Managing Hive Job Submissions With PowerShell

Managing Hive Job Submissions With PowerShell

Rate This
  • Comments 3

In my previous post, I talked about “Managing Your HDInsight Cluster with PowerShell”. In this post I made no mention of using Hive. I hope to re-address this balance by specifically talking about how you can submit Hive jobs from the same local management console.

As before all the scripts mentioned in this and the previous post can be downloaded from here.

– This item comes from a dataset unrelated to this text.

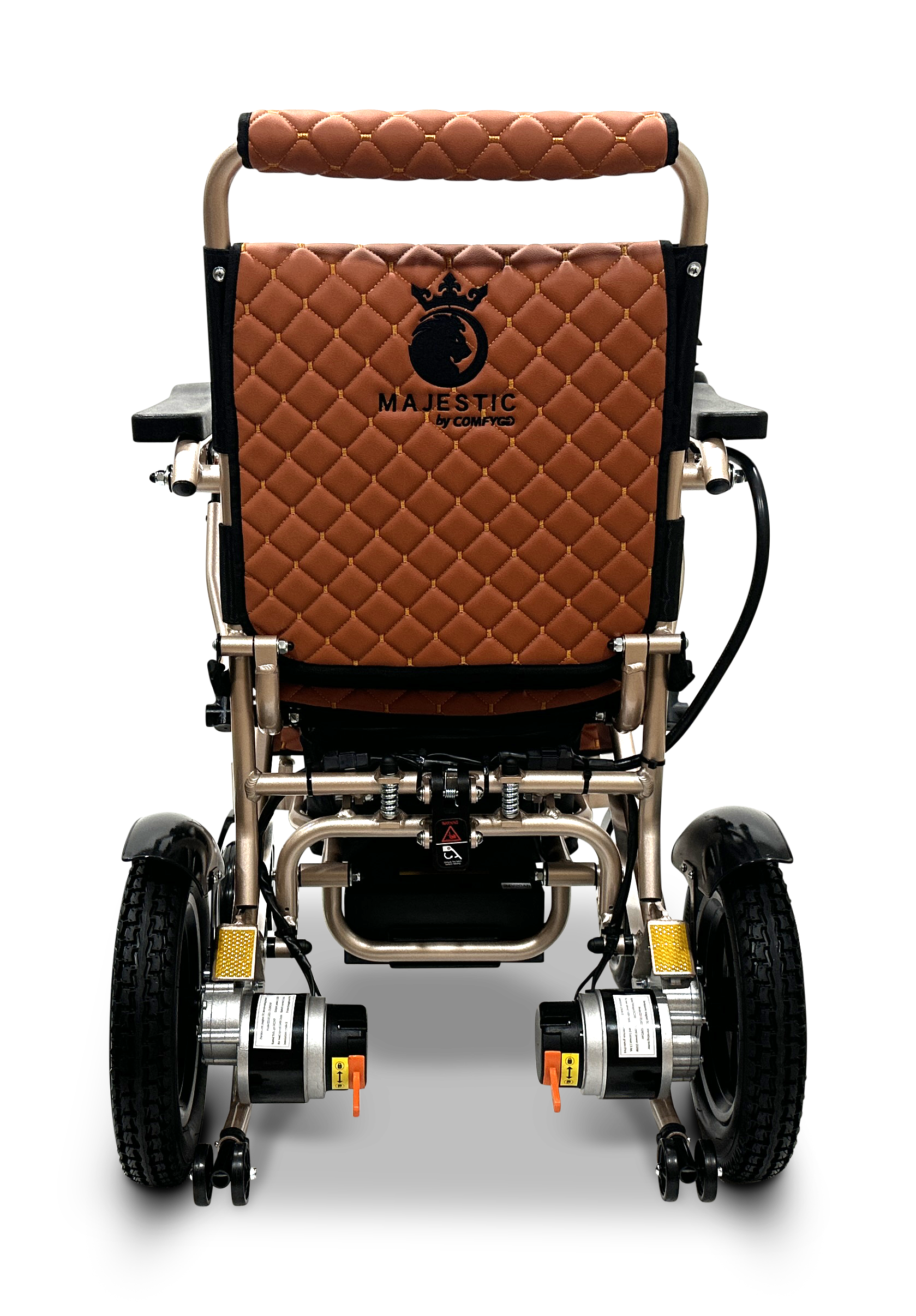 MAJESTIC IQ-8000 Remote Controlled Lightweight Electric Wheelchair Bronze Taba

To run the samples mentioned in this post I am using the following Hive table definition that points to the sample data provided with the service:

CREATE EXTERNAL TABLE IF NOT EXISTS HiveSampleTable (
    ClientId string,
    QueryTime string,
    Market string,
    DevicePlatform string,
    DeviceMake string,
    DeviceModel string,
    State string,
    Country string,
    QueryDwellTime double,
    SessionId bigint,
    SessionPageViewOrder bigint
)
ROW FORMAT DELIMITED FIELDS TERMINATED BY '\t'
LOCATION
'/hive/warehouse/hivesampletable';

The process for Hive submission is basically the same as for MapReduce jobs. However there is an additional requirement to preserve the Hive meta-data. Basically if you define Hive tables/views/etc., you want these to persist between cluster creations.

To achieve this you will need to create a customized cluster. Once you do this you can use Hive for your Elastic job submissions.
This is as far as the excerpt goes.